Datum uitspraak: 10 december 2020
Centrale Raad van Beroep
Meervoudige kamer
Uitspraak op het hoger beroep tegen de uitspraak van de rechtbank Rotterdam van 21 mei 2019, 18/4655 (aangevallen uitspraak)
Partijen:
[appellant] te [woonplaats] (appellant)
de Raad van bestuur van het Uitvoeringsinstituut werknemersverzekeringen (Uwv)

PROCESVERLOOP

Namens appellant heeft mr. M. Berkel, advocaat, hoger beroep ingesteld.
Het Uwv heeft een verweerschrift ingediend.
Het onderzoek ter zitting heeft plaatsgevonden op 29 oktober 2020. Appellant is verschenen, bijgestaan door mr. R. Poyraz, advocaat en kantoorgenoot van mr. Berkel. Het Uwv heeft zich laten vertegenwoordigen door W.L.J. Weltevrede.

OVERWEGINGEN

1.1.
Appellant is laatstelijk werkzaam geweest als verwerker van postpakketten voor gemiddeld 33,72 uur per week. Op 31 augustus 2009 heeft appellant zich vanuit een werkloosheidssituatie ziek gemeld met psychische klachten. Appellant was al bekend uit een eerdere arbeidsongeschiktheidsbeoordeling per 8 juni 2009 met pijnklachten aan de rechterzijde van de borst.
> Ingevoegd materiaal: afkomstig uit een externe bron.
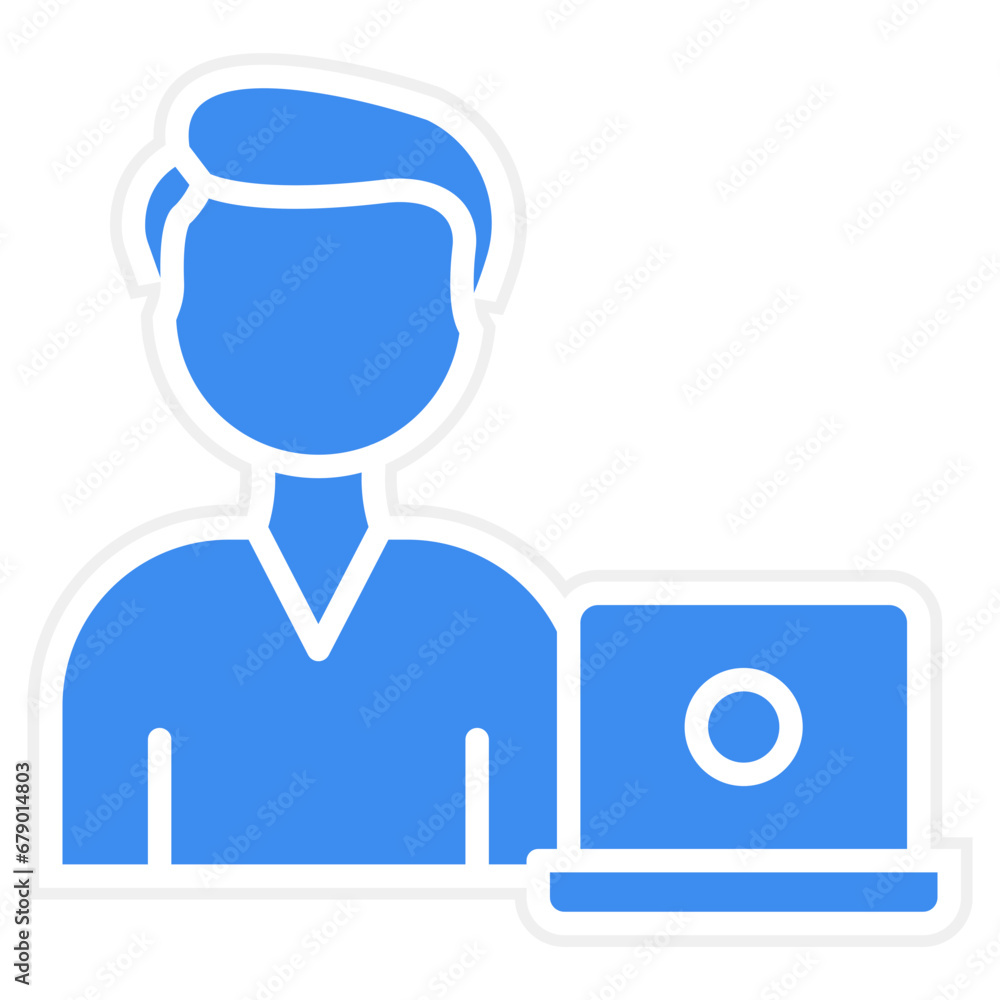Vector Design Independent Work Icon Style Vector Design Independent Work Icon Style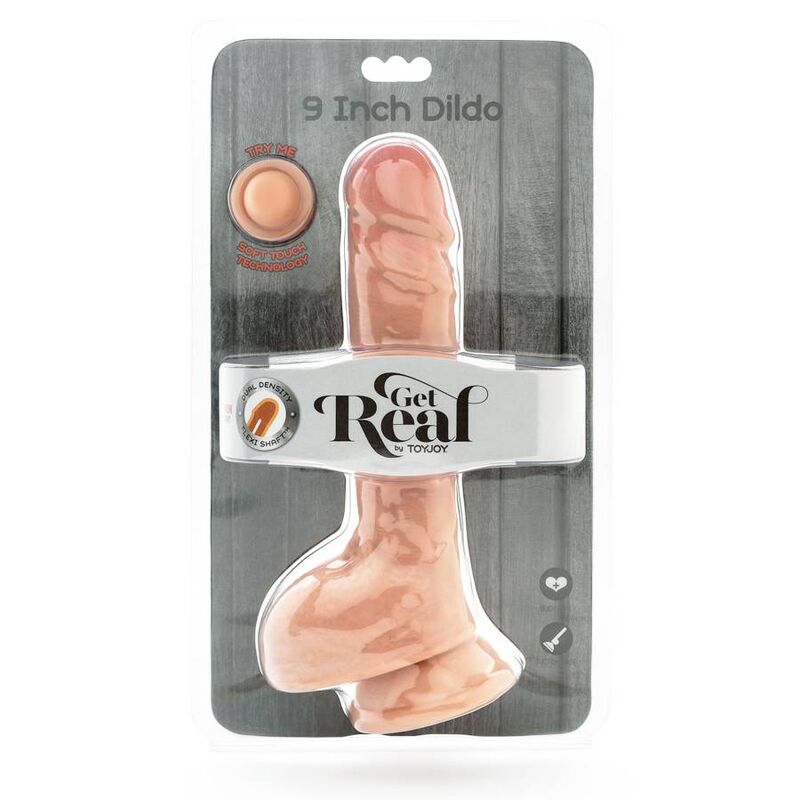 GET REAL - DUAL DENSITY DILDO 25.5CM GET SKIN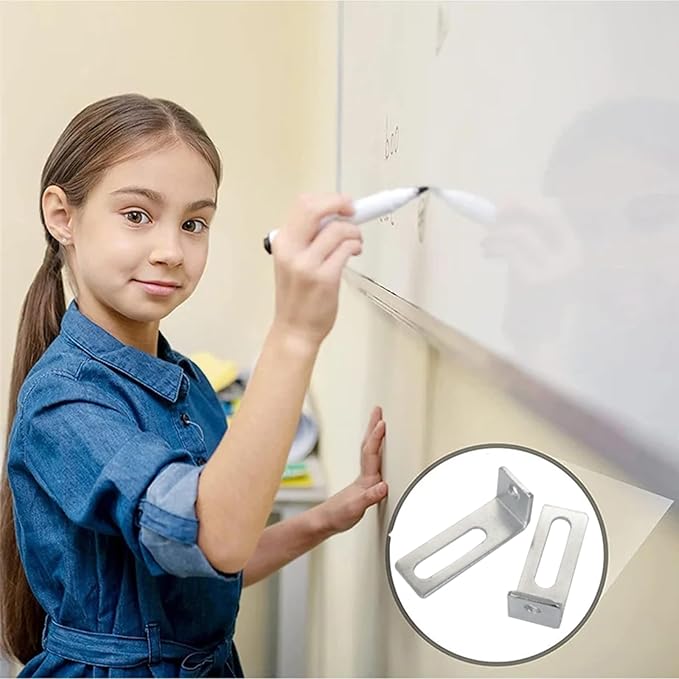 10PCS Whiteboard Hanging Kit M4 with Threaded Mounting Bracket and Screws for Hanging Whiteboards On The Wall and School Office Supplies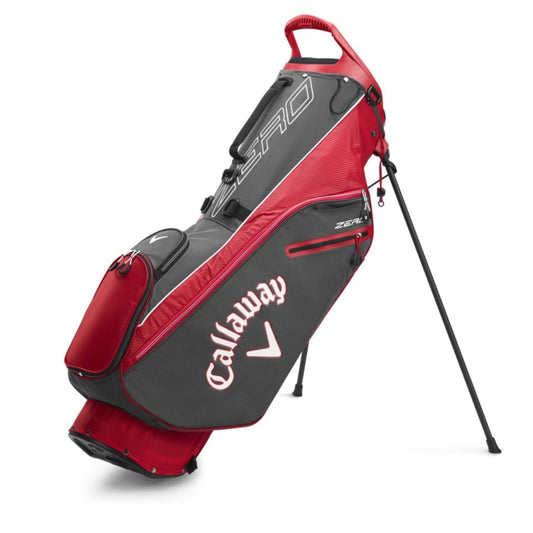 Callaway Golf : Bags Callaway Golf 2020 Hyperlite Zero Stand Bag-Charcoal-Wht-Red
Bij besluit van 29 juli 2011 heeft het Uwv geweigerd appellant na afloop van de voorgeschreven wachttijd met ingang van 29 augustus 2011 een WGA‑uitkering op grond van de Wet werk en inkomen naar arbeidsvermogen (Wet WIA) toe te kennen, omdat de mate van zijn arbeidsongeschiktheid minder dan 35% is. Na bezwaar en beroep is dit besluit in rechte vast komen te staan bij uitspraak van de Raad van 6 februari 2015 (ECLI:NL:CRVB:2015:308).
1.2.
Appellant had zich inmiddels op 3 december 2013 bij het Uwv gemeld met toegenomen klachten per 1 oktober 2013. Na verzekeringsgeneeskundig onderzoek heeft het Uwv bij besluit van 4 februari 2014 geweigerd om appellant een WIA-uitkering toe te kennen. Daaraan ligt ten grondslag dat de beperkingen van appellant die per 1 oktober 2013 zijn toegenomen voortkomen uit een andere ziekteoorzaak vergeleken met de beoordeling per 29 augustus 2011. Na bezwaar en beroep is dit besluit in rechte vast komen te staan bij uitspraak van de Raad van 1 maart 2017 (ECLI:NL:CRVB:2017:755).
1.3.
Appellant heeft zich met een door het Uwv op 31 oktober 2017 ontvangen brief opnieuw gemeld met toegenomen klachten. Na verzekeringsgeneeskundig onderzoek heeft het Uwv bij besluit van 29 december 2017 geweigerd aan appellant een WIA-uitkering toe te kennen. Daaraan ligt ten grondslag dat de gemelde verslechtering van de gezondheid van appellant niet heeft plaatsgevonden binnen vijf jaar na de arbeidsongeschiktheidsbeoordeling per 29 augustus 2011. Het bezwaar van appellant tegen dit besluit heeft het Uwv bij besluit van 24 juli 2018 (bestreden besluit) ongegrond verklaard. Aan het bestreden besluit ligt een rapport van een verzekeringsarts bezwaar en beroep van 20 juli 2018 ten grondslag.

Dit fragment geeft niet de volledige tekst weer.